Our former editor, Ken Fletcher, engaged in an extensive discussion with ITV's 'Border Life' during an interview where he delved into his career in agriculture and the Scottish farming industry.

Having retired as the editor of The Scottish Farmer, Ken Fletcher is an award-winning journalist with an impressive 46-year tenure at the paper. Throughout his career, he travelled globally to observe agricultural practices, covering significant stories such as the foot-and-mouth outbreak.

Since childhood, Ken has been involved in farm work, and at the age of 17, he secured a job that kept him closely connected to the land.

Reflecting on his early experiences, Ken remarked, "My first-ever story was about the weather, and some things never change. The weather always seems to be the topic of conversation among farmers. They are never really content with it, either too dry, too wet, or too windy. Some express a preference for a wet spring followed by a dry summer, desiring a bit of rain and then a month of dry weather for the harvest. That might keep them happy."

The Scottish Farmer, in circulation since 1893, is among the world's oldest agricultural publications and is often referred to as the "farmers' bible" in Scotland, reflecting its institutional status.

Ken elaborated, stating, "It is more or less an institution; they call it the farmers' bible in Scotland. I think that goes back to the time when the original owners of the newspaper were actually very Presbyterian in their outlook."

Over the decades, the paper has been dedicated to supporting, informing, and entertaining the agricultural community.

Regarding the paper's history, Ken noted, "The paper has always been printed in Glasgow. Glasgow was an agricultural centre back then.
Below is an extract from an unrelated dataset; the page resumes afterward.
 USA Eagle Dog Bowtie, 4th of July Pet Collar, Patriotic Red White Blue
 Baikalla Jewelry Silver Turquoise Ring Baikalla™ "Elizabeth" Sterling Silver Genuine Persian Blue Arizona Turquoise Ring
The railway would terminate there, so the livestock from the western highlands and dairy products from Ayrshire would come in by train, making it a significant hub."

He reminisced about the panel of experts who appraised butter from across Scotland, assigning scores and providing written critiques to the producers. This process, while a source of enjoyment, also brought anguish as some young dairy makers had to be informed that their butter was rancid.

Ken explained how, despite technological advancements, certain stories have remained constant over the years, with the weather consistently featuring prominently in every edition of The Scottish Farmer.